In 1514, the Kingdom of Hungary was living in constant fear of invasion from the east. György Dózsa was duly elected to lead a massive crusader force comprising of roughly 100,000 peasants, called for by Cardinal Tamás Bacócz. But in May of that year, the crusade was called off. Already hungry and suffering under greedy policies enacted by the aristocracy, the peasants revolted. Dózsa led the uprising against the Hungarian ruling classes, and they looked as though they could have won when they managed to take the fortresses of Arad, Lippa and Világos. But a glorious victory for the Hungarian peasantry wasn’t to be. The rebels were routed whilst attacking Temesvár, and Dózsa was captured.
How the Hungarian King’s men punished him ranks amongst the most brutal, cruel executions ever. Days after his capture, György Dózsa was forced to sit on a red hot iron throne, a burning crown placed on his head and a near-molten iron sceptre placed in his hand in mockery of his lofty ambition to challenge the royal order. Pretty rough? It gets worse.

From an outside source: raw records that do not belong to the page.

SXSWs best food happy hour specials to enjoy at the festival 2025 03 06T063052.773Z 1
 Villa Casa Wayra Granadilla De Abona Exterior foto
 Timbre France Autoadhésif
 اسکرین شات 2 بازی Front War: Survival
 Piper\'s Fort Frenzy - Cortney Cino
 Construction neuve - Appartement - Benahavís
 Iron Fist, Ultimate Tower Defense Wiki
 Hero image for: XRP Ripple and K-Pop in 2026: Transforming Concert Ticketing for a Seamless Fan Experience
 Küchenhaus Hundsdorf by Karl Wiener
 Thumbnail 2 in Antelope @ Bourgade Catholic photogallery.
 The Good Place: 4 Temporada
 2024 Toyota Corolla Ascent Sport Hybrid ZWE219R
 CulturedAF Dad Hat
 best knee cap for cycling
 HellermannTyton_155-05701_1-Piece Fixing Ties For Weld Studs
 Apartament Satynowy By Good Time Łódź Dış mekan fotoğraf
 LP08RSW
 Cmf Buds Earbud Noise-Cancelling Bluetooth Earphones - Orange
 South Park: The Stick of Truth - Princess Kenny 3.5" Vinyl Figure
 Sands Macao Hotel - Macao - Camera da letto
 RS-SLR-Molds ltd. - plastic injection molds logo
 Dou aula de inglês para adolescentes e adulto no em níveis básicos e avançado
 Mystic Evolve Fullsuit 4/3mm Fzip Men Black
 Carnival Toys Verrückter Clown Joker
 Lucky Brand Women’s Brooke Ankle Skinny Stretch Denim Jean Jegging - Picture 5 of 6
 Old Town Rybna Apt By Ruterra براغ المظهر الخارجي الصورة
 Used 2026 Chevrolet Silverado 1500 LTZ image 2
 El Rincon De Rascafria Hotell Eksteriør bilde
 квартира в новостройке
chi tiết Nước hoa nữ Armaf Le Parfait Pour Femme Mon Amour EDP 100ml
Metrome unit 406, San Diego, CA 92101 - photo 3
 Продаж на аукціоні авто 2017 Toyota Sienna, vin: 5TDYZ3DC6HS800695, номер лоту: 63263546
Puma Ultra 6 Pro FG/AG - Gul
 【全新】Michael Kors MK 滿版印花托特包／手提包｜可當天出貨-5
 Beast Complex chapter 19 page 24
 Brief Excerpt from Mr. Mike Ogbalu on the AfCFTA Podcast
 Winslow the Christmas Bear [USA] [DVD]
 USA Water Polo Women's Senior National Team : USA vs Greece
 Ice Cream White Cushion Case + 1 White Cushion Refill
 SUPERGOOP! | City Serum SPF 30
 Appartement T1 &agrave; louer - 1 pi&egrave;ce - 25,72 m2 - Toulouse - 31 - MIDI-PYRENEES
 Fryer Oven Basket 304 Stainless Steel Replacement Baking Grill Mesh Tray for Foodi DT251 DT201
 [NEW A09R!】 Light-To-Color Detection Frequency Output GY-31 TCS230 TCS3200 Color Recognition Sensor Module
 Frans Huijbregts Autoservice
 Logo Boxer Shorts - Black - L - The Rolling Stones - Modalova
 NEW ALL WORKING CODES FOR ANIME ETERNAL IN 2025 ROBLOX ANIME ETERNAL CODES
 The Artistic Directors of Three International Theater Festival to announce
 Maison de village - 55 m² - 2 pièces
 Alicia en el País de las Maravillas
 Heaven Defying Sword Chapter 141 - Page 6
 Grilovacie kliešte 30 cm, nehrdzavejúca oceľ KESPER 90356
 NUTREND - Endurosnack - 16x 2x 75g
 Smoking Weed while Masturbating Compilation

His co-conspirators, who’d been imprisoned and starved until the day of the execution, were brought before their commander. Dózsa’s younger brother was hacked to death in front of him for starters. The executioners then removed portions of Dózsa’s flesh. The remaining captives were then instructed to eat from the holes left by the executioners pliers. Some refused and were killed. The rest complied.